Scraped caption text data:
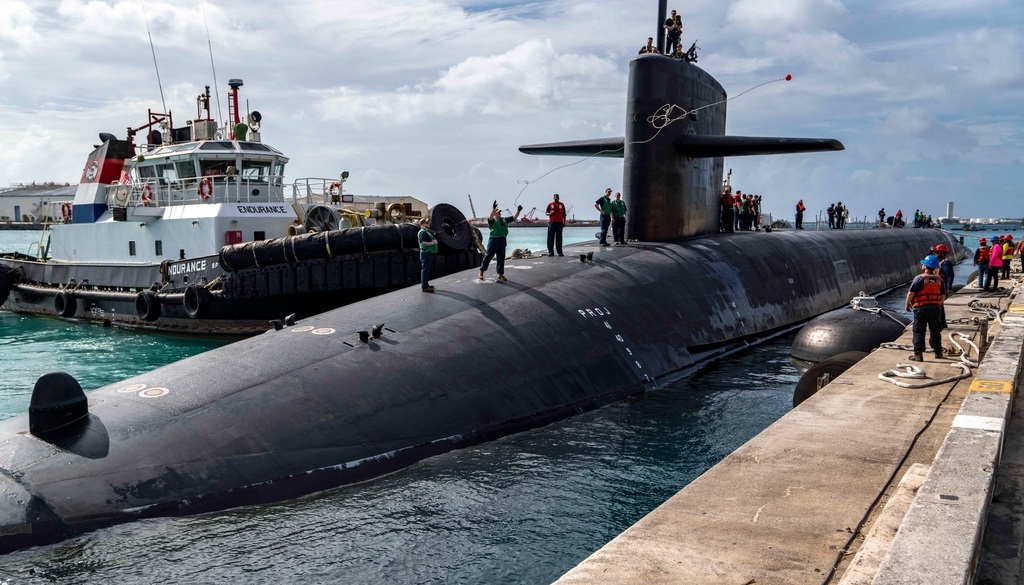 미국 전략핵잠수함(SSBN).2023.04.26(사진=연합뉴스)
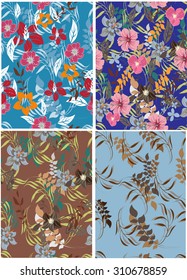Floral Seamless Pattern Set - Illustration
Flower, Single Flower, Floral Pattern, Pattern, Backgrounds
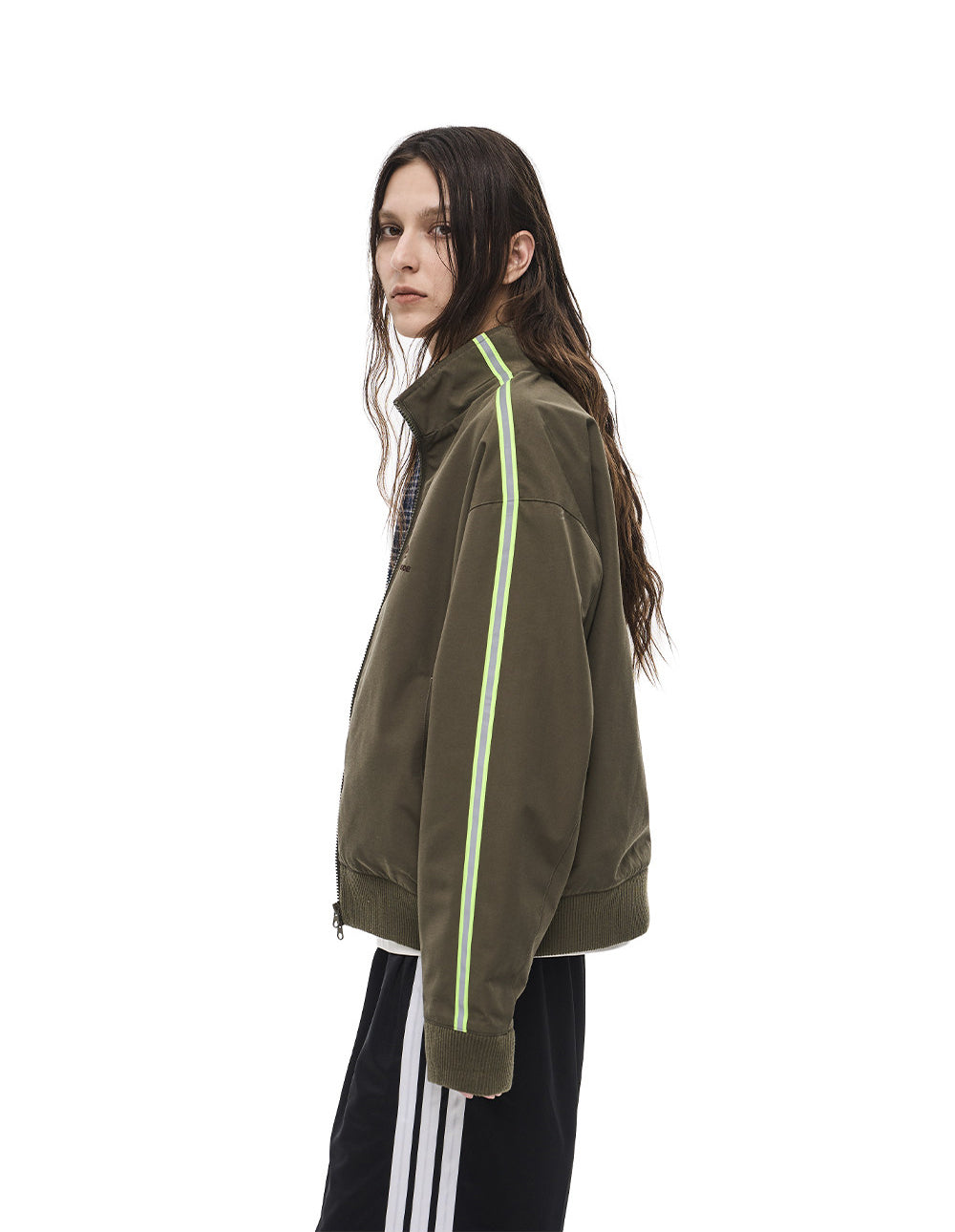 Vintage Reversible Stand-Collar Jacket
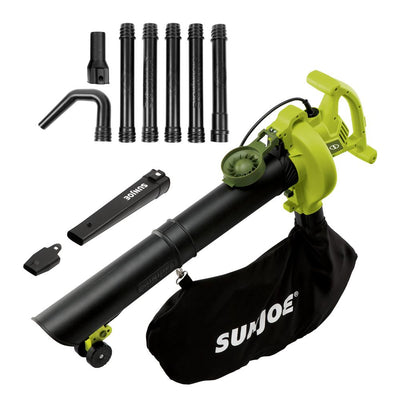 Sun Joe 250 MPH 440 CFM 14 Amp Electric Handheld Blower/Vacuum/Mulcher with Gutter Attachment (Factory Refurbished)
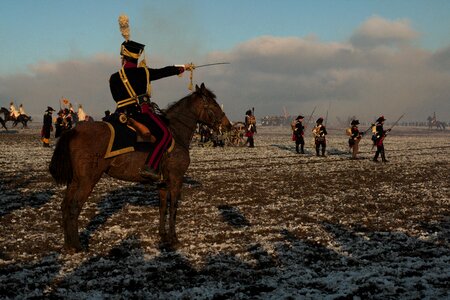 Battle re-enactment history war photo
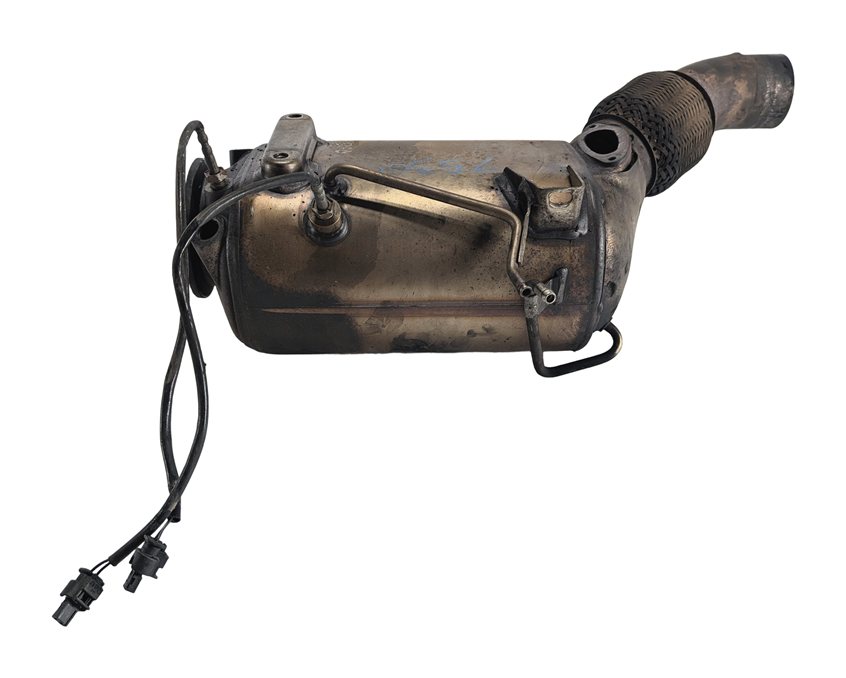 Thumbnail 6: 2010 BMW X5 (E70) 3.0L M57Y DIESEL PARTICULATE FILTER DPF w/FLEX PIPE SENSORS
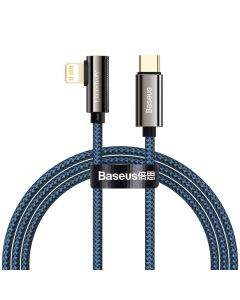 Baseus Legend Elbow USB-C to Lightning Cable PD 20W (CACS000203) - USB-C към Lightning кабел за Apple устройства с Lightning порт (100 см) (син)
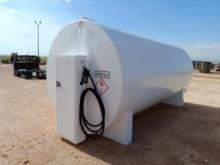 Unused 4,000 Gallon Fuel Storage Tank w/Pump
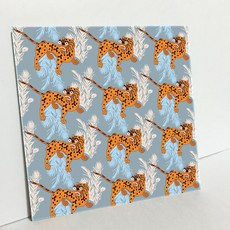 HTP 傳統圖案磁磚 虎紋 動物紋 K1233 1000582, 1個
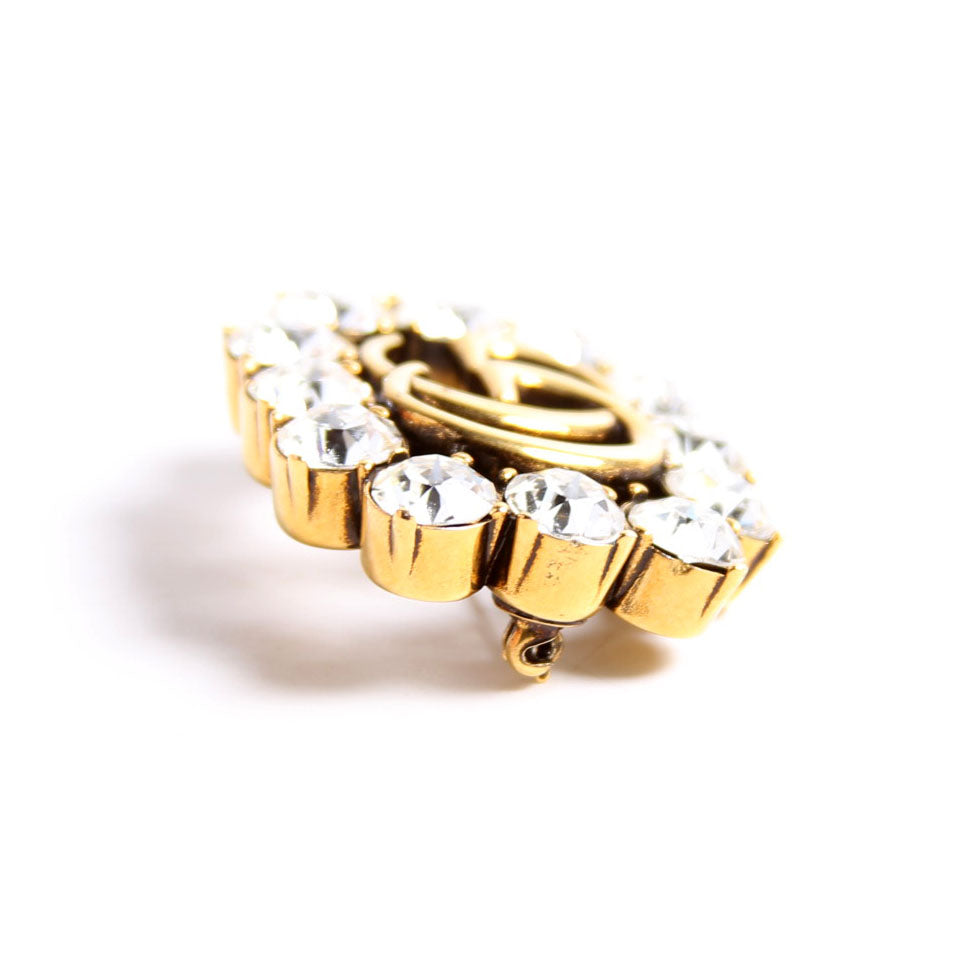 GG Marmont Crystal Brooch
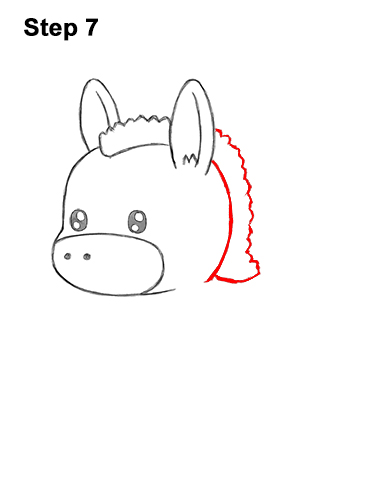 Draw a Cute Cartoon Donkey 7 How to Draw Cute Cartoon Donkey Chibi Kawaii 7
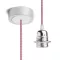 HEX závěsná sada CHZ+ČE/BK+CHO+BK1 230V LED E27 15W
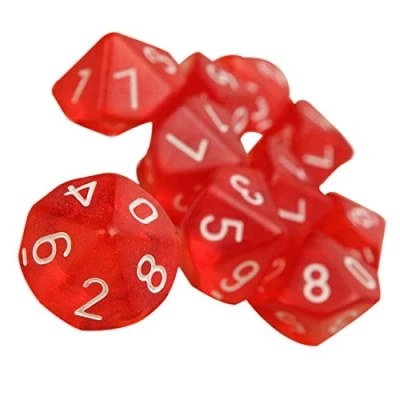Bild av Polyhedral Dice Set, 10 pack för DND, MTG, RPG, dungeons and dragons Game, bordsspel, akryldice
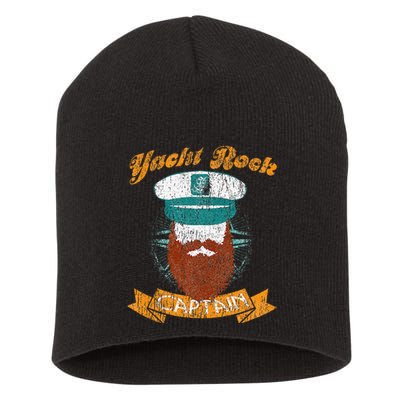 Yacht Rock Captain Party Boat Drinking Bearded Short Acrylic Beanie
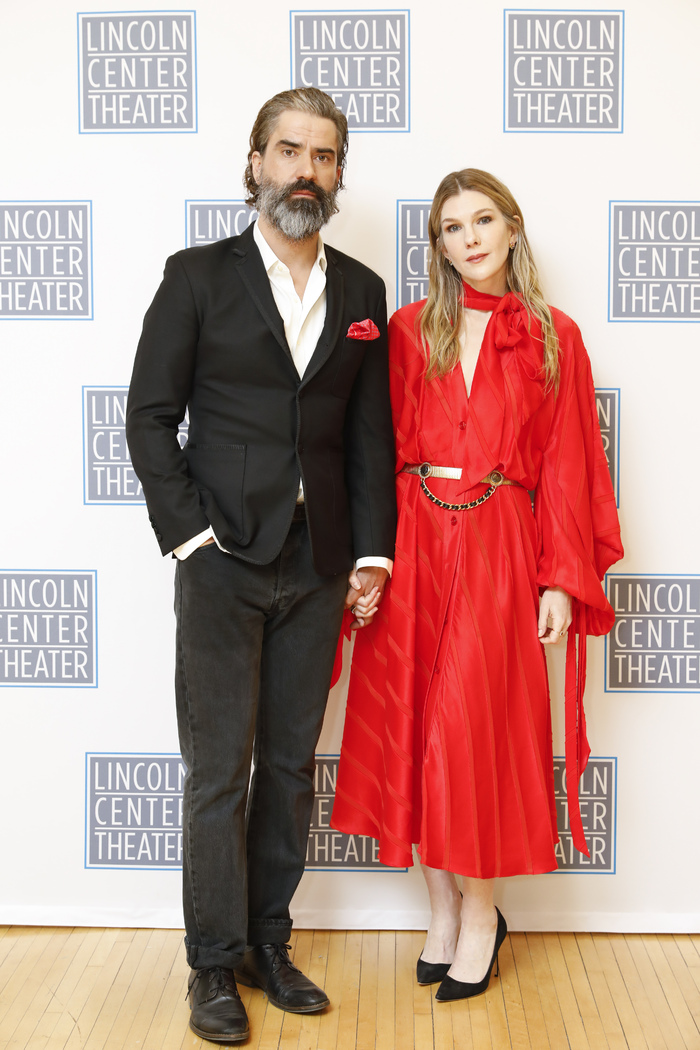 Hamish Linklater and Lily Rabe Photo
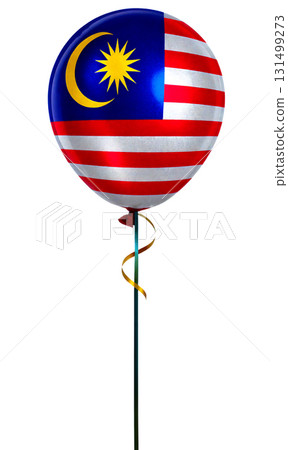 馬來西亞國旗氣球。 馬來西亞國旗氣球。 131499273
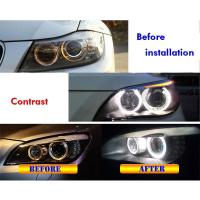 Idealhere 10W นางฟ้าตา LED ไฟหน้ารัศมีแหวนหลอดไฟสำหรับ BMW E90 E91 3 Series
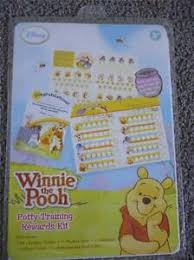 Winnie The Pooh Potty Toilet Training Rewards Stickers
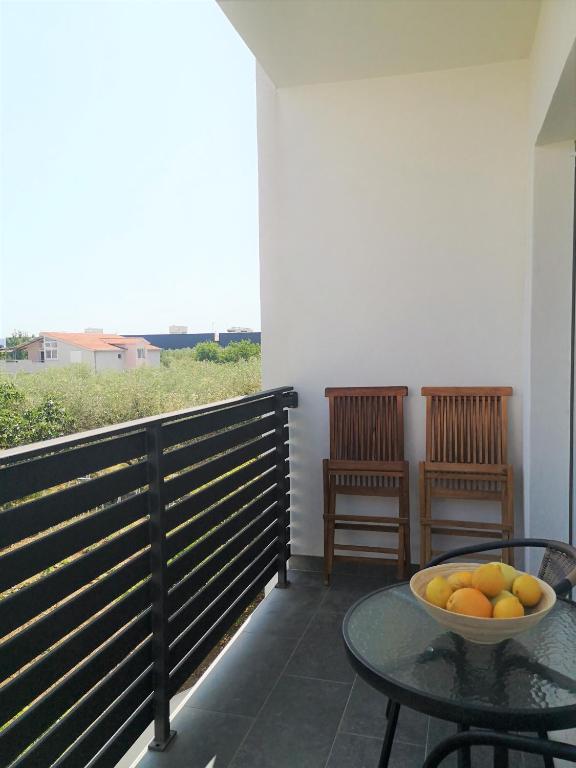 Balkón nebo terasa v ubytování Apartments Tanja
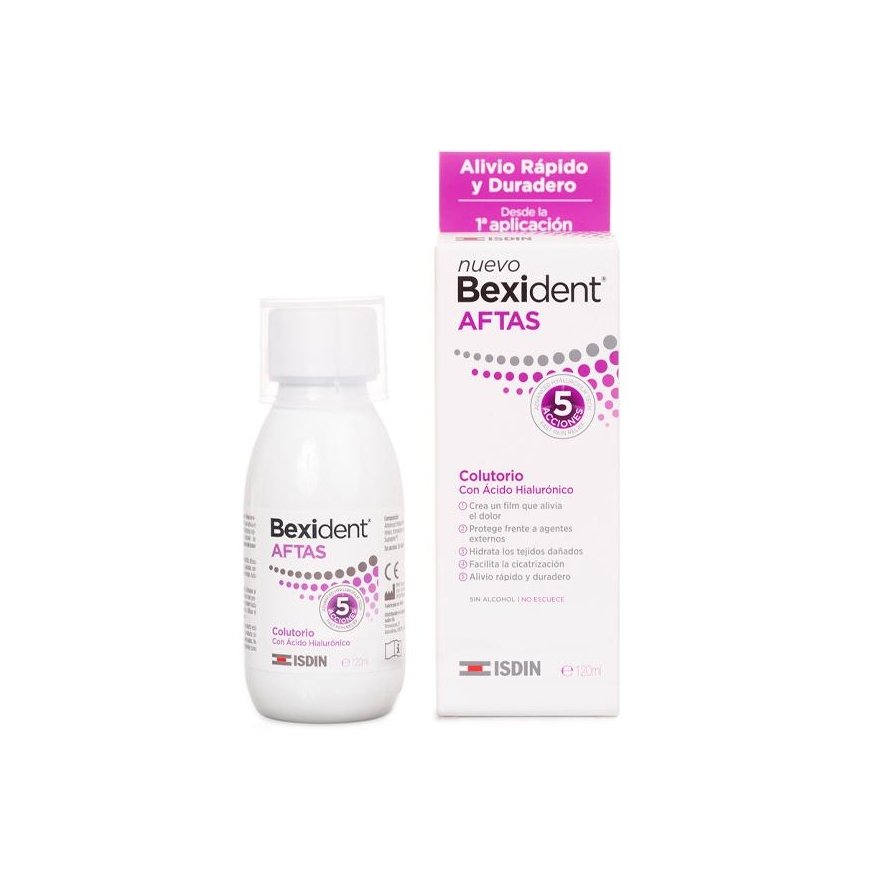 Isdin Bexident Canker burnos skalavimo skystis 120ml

What to do: Could the data above be copied out exactly, with no pictures kept?

Answer section:
 미국 전략핵잠수함(SSBN).2023.04.26(사진=연합뉴스)
Floral Seamless Pattern Set - Illustration
Flower, Single Flower, Floral Pattern, Pattern, Backgrounds
 Vintage Reversible Stand-Collar Jacket
 Sun Joe 250 MPH 440 CFM 14 Amp Electric Handheld Blower/Vacuum/Mulcher with Gutter Attachment (Factory Refurbished)
 Battle re-enactment history war photo
 Thumbnail 6: 2010 BMW X5 (E70) 3.0L M57Y DIESEL PARTICULATE FILTER DPF w/FLEX PIPE SENSORS
 Baseus Legend Elbow USB-C to Lightning Cable PD 20W (CACS000203) - USB-C към Lightning кабел за Apple устройства с Lightning порт (100 см) (син)
 Unused 4,000 Gallon Fuel Storage Tank w/Pump
 HTP 傳統圖案磁磚 虎紋 動物紋 K1233 1000582, 1個
 GG Marmont Crystal Brooch
 Draw a Cute Cartoon Donkey 7 How to Draw Cute Cartoon Donkey Chibi Kawaii 7
 HEX závěsná sada CHZ+ČE/BK+CHO+BK1 230V LED E27 15W
Bild av Polyhedral Dice Set, 10 pack för DND, MTG, RPG, dungeons and dragons Game, bordsspel, akryldice
 Yacht Rock Captain Party Boat Drinking Bearded Short Acrylic Beanie
 Hamish Linklater and Lily Rabe Photo
 馬來西亞國旗氣球。 馬來西亞國旗氣球。 131499273
 Idealhere 10W นางฟ้าตา LED ไฟหน้ารัศมีแหวนหลอดไฟสำหรับ BMW E90 E91 3 Series
 Winnie The Pooh Potty Toilet Training Rewards Stickers
 Balkón nebo terasa v ubytování Apartments Tanja
 Isdin Bexident Canker burnos skalavimo skystis 120ml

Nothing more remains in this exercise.